The 2 code pieces above is the only way of doing so-called relative import because since Python 3 all imports are absolute by default (as in PEP328), meaning that import will try to import standard modules first and only then local packages. This is needed to avoid shadowing of standard modules when you create your own sys.py module and doing import sys could override the standard library sys module.

  • Since Python 3 all import are absolute by default – it will look for system package first

But if your package has a module called sys and you want to import it into another module of the same package you have to make a relative import. To do it you have to be explicit again and write from package.module import somesymbol or from .module import somesymbol. That funny single dot before module name is read as “current package”.

  • To make a relative import prepend the module with the package name or dot

Executable package

In Python you can invoke a module with a python3 -m <module> construction.

$ python3 -m pizza
pizza.py module name is __main__
Carbonara is the most awesome pizza.

But packages can also be invoked this way:

$ python3 -m pizzapy
/usr/bin/python3: No module named pizzapy.__main__; 'pizzapy' is a package and cannot be directly executed

As you can see, it needs a __main__ module, so let’s implement it:

# pizzapy/__main__.py

from pizzapy.menu import MENU

print('Awesomeness of pizzas:')
for pizza in MENU:
    print(pizza.name, pizza.awesomeness())

And now it works:

$ python3 -m pizzapy
pizza.py module name is pizza
Awesomeness of pizzas:
Margherita 300
Carbonara 9000
Marinara 200
  • Adding __main__.py makes package executable (invoke it with python3 -m package)

Import sibling packages

And the last thing I want to cover is the import of sibling packages. Suppose we have a sibling package pizzashop:

.
├── pizzapy
│   ├── __init__.py
│   ├── __main__.py
│   ├── menu.py
│   └── pizza.py
└── pizzashop
    ├── __init__.py
    └── shop.py
# pizzashop/shop.py

import pizzapy.menu
print(pizzapy.menu.MENU)

Now, sitting in the top level directory, if we try to invoke shop.py like this

$ python3 pizzashop/shop.py
Traceback (most recent call last):
  File "pizzashop/shop.py", line 1, in <module>
    import pizzapy.menu
ModuleNotFoundError: No module named 'pizzapy'

we get the error that our pizzapy module not found. But if we invoke it as a part of the package

$ python3 -m pizzashop.shop
pizza.py module name is pizza
[<pizza.Pizza object at 0x7f372b59ccc0>, <pizza.Pizza object at 0x7f372b59ccf8>, <pizza.Pizza object at 0x7f372b59cda0>]

it suddenly works.
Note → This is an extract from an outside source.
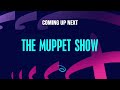 Disney Channel Asia Next Bumper The Muppet Show Fanmade 2025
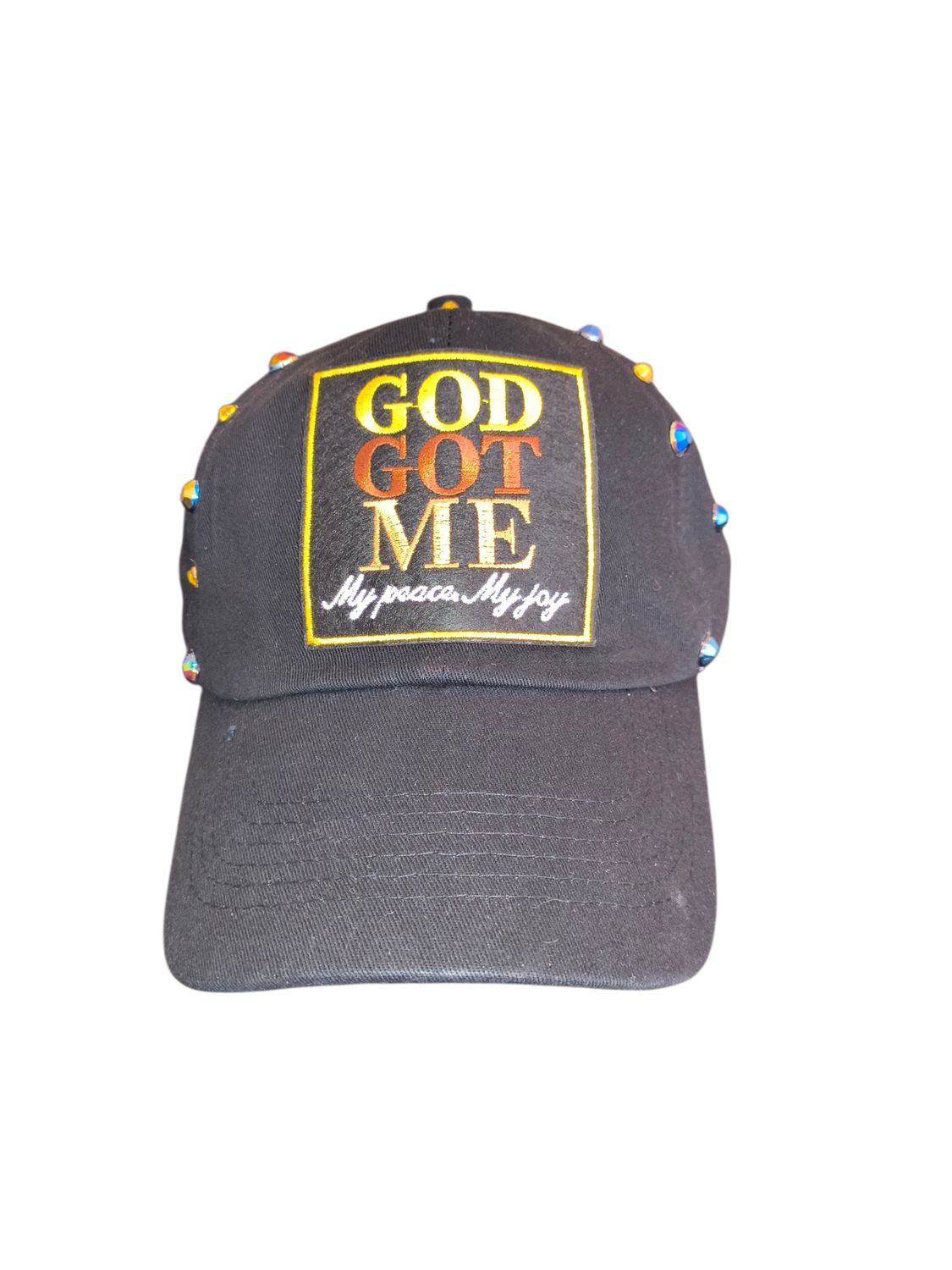 God Got Me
What the hell is going on here?

The explanation to this lies in the Python module search path and it’s greatly described in the documentation on modules.

Module search path is a list of directories (available at runtime as sys.path) that interpreter uses to locate modules. It is initialized with the path to Python standard modules (/usr/lib64/python3.6), site-packages where pip puts everything you install globally, and also a directory that depends on how you run a module. If you run a module as a file like python3 pizzashop/shop.py the path to containing directory (pizzashop) is added to sys.path. Otherwise, including running with -m option, the current directory (as in pwd) is added to module search path. We can check it by printing sys.path in pizzashop/shop.py:

$ pwd
/home/avd/dev/python-imports

$ tree
.
├── pizzapy
│   ├── __init__.py
│   ├── __main__.py
│   ├── menu.py
│   └── pizza.py
└── pizzashop
    ├── __init__.py
    └── shop.py

$ python3 pizzashop/shop.py
['/home/avd/dev/python-imports/pizzashop',
 '/usr/lib64/python36.zip',
 '/usr/lib64/python3.6',
 '/usr/lib64/python3.6/lib-dynload',
 '/usr/local/lib64/python3.6/site-packages',
 '/usr/local/lib/python3.6/site-packages',
 '/usr/lib64/python3.6/site-packages',
 '/usr/lib/python3.6/site-packages']
Traceback (most recent call last):
  File "pizzashop/shop.py", line 5, in <module>
    import pizzapy.menu
ModuleNotFoundError: No module named 'pizzapy'

$ python3 -m pizzashop.shop
['',
 '/usr/lib64/python36.zip',
 '/usr/lib64/python3.6',
 '/usr/lib64/python3.6/lib-dynload',
 '/usr/local/lib64/python3.6/site-packages',
 '/usr/local/lib/python3.6/site-packages',
 '/usr/lib64/python3.6/site-packages',
 '/usr/lib/python3.6/site-packages']
pizza.py module name is pizza
[<pizza.Pizza object at 0x7f2f75747f28>, <pizza.Pizza object at 0x7f2f75747f60>, <pizza.Pizza object at 0x7f2f75747fd0>]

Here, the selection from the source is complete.